Das bruxas de Pendle Hill resta hoje em dia um temor histórico, transformado em lenda e em pequena indústria de souvenires. Mas os habitantes da região adoram contar outras curiosidades locais. Foi também em Pendle Hill que George Fox teve uma visão em 1640 que o levou a fundar a seita dos Quaker. Perto de Dumsop Bridge, numa das 44 aldeias do Vale de Ribble, encontra-se o centro geográfico de todas as ilhas britânicas, de acordo com um levantamento de 1992. E para quem não se impressiona com bruxaria, festivais de música, referências literárias, histórias em que se tropeça a cada passo, marcos geográficos ou uma paisagem classificada de Outstanding Natural Beauty, há mais: foi em Dunsop que a British Telecom instalou a sua 100.000ª cabine telefônica, devidamente assinalada com uma placa comemorativa.

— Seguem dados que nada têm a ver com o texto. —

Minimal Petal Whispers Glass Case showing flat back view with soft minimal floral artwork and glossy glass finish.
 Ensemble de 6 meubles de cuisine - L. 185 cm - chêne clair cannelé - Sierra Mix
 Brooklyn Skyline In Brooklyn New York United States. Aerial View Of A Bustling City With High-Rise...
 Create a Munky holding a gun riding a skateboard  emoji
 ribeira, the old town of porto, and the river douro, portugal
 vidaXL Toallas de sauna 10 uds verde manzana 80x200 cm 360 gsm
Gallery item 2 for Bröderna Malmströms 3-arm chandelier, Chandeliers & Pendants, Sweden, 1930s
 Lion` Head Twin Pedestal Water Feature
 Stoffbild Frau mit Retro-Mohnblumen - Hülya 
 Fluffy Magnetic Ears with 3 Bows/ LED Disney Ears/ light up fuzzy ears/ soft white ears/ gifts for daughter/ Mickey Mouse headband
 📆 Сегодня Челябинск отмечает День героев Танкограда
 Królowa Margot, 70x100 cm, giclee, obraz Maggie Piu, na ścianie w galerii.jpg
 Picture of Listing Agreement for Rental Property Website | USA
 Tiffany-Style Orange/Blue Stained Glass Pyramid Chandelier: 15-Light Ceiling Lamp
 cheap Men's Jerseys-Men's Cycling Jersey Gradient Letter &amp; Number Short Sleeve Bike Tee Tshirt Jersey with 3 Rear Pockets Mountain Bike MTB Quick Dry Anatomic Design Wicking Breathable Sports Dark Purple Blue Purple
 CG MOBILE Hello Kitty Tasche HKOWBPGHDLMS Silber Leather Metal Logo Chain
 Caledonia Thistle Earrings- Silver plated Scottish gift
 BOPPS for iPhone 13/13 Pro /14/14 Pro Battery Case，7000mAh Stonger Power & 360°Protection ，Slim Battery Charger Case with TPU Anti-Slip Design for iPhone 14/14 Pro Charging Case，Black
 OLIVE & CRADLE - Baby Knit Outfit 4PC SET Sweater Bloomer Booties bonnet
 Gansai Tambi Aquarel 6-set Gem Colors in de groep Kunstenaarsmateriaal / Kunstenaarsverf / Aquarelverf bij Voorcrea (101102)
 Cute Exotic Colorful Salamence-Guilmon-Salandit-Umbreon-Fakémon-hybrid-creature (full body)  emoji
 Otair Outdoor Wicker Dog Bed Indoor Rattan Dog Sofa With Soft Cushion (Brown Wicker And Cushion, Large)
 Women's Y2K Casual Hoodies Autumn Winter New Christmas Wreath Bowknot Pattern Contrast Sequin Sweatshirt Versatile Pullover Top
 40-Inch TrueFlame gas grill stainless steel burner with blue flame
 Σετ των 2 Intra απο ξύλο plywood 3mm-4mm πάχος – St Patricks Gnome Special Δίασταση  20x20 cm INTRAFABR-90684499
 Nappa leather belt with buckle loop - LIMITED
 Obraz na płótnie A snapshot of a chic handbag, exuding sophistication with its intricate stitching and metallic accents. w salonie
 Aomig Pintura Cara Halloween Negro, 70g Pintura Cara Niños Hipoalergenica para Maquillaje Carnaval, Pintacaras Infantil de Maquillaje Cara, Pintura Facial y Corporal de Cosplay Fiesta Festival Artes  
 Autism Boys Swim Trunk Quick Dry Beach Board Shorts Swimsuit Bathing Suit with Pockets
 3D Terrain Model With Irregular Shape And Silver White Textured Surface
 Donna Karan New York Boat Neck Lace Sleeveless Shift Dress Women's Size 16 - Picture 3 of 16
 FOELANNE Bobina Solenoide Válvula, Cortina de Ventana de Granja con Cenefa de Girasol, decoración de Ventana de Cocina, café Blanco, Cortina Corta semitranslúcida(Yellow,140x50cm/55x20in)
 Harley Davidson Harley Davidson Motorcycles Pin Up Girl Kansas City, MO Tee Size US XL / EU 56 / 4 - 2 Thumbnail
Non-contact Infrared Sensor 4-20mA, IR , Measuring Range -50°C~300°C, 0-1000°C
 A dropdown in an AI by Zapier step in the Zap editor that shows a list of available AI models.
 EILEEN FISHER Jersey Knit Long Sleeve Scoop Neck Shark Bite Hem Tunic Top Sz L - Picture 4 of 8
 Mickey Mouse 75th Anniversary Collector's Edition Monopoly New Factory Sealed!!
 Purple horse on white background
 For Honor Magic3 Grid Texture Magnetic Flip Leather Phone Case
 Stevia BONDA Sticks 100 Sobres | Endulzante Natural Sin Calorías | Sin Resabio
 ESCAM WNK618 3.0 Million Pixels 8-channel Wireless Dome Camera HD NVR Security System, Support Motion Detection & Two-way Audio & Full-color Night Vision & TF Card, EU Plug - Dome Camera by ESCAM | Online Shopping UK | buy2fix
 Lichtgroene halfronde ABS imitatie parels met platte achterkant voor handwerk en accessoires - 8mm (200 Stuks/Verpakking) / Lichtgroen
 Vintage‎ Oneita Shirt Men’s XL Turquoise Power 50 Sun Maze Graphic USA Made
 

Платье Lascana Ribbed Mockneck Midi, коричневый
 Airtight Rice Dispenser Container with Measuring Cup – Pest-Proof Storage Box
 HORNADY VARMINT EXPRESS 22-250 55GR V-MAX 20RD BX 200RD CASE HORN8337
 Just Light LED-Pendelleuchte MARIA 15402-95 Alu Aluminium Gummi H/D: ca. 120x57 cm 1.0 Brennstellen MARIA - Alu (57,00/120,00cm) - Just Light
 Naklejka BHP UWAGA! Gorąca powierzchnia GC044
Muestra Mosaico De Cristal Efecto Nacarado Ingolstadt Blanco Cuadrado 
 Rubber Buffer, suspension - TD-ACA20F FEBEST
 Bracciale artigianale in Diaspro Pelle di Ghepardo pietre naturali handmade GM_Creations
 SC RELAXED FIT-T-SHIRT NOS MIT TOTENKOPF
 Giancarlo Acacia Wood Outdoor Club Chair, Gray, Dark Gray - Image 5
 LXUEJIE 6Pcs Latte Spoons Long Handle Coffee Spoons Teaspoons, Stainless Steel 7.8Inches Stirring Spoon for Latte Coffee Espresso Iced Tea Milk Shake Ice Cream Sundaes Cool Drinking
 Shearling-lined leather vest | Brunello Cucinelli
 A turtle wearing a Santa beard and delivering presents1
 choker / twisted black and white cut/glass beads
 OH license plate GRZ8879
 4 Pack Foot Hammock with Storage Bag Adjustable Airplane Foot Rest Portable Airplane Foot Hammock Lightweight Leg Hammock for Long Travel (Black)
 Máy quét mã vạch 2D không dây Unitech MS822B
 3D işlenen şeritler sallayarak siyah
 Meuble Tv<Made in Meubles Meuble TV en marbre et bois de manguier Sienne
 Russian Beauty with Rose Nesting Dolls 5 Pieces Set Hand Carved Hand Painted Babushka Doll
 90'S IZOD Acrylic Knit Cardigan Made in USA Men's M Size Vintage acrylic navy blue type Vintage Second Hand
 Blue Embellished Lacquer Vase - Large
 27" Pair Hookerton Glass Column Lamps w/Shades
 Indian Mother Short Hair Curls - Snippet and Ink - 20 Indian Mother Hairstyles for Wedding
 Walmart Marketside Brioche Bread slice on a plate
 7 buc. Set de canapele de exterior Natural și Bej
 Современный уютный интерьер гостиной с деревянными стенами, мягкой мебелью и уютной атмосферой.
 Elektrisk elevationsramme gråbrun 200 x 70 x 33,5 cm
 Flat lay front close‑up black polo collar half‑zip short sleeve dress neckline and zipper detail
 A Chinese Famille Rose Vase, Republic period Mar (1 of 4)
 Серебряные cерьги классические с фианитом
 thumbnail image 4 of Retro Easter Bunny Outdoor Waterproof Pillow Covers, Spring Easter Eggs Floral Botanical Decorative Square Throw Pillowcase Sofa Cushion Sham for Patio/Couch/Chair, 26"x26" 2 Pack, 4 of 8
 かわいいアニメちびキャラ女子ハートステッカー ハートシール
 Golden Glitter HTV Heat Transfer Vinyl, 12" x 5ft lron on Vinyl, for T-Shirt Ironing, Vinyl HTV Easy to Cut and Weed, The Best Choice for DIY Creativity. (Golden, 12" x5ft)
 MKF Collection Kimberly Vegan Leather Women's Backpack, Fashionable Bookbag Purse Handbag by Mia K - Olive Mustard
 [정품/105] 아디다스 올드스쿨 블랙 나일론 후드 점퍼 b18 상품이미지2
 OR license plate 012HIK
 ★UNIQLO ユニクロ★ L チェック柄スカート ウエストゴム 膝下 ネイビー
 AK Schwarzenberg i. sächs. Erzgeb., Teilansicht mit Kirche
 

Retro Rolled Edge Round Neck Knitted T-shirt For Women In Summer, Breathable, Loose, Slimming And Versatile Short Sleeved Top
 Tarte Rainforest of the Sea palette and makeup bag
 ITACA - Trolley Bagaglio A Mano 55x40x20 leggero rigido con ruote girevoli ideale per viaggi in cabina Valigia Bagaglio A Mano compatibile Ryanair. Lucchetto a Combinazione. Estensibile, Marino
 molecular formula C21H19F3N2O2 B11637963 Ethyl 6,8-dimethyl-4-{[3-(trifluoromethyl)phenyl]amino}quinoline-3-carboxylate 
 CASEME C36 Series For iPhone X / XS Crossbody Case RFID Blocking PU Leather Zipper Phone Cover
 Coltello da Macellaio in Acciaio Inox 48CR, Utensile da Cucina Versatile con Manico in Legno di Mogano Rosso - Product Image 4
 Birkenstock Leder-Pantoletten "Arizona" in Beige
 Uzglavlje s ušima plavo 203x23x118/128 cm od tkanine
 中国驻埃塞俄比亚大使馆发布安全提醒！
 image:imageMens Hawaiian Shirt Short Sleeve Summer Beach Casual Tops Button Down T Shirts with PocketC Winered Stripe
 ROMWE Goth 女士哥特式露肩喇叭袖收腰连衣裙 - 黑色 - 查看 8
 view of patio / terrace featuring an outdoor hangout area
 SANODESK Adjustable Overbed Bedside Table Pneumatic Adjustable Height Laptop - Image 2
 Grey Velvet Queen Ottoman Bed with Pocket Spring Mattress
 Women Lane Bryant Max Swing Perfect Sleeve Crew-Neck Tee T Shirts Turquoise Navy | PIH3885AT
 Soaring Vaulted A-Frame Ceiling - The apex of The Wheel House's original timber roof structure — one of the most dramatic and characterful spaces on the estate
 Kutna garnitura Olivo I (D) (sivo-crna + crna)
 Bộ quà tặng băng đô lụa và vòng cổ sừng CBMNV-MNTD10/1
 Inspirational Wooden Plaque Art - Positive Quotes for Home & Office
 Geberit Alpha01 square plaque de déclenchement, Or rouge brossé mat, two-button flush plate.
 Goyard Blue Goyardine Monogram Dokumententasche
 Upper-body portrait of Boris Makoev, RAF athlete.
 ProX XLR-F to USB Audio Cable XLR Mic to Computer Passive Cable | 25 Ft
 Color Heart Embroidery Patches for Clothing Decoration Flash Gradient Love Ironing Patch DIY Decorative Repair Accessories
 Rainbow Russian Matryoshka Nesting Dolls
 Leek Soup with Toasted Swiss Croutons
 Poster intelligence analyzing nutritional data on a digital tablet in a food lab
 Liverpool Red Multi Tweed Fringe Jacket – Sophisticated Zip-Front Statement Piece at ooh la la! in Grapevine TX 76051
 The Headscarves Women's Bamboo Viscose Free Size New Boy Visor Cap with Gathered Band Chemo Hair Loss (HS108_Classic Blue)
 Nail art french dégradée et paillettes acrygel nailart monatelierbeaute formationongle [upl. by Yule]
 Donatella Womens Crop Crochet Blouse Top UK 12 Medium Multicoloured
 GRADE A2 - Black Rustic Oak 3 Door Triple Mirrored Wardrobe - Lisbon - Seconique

Se a cabine estiver ocupada e você quiser telefonar, não desespere e vá adiante: recentemente foi inaugurado o “Passeio através do Centro do Reino”, um percurso para caminhantes, à volta do vale de Ribble, com uma extensão total de mais de 70 quilômetros. 


Pendle Hill e o seu extenso planalto ainda dominam a paisagem e ao anoitecer não custa imaginar bruxas montadas em vassouras a esvoaçar pelos céus. Em meados de maio, o sol aquece o vale do Ribble, mas logo a seguir chuvisca outros tantos dias e as aldeias escondem-se entre bancos de neblina. Who cares? Quem quer tomar banhos de sol pode ir para a República Dominicana ou às Baleares. O countryside inglês é para outro tipo de gente. Basta sair à rua de chapéu de chuva na mão e dar meia dúzia de enérgicas passadas – umbrella quer dizer sombrinha mas a verdade é que serve mais para proteger da chuva do que do sol – e sentimo-nos logo um pouco gentlemantourist, mesmo sem casaco de tweed. E no topo das colinas há sempre uma casa que pertence a um lorde que por sua vez é dono de metade dos campos e aldeias. 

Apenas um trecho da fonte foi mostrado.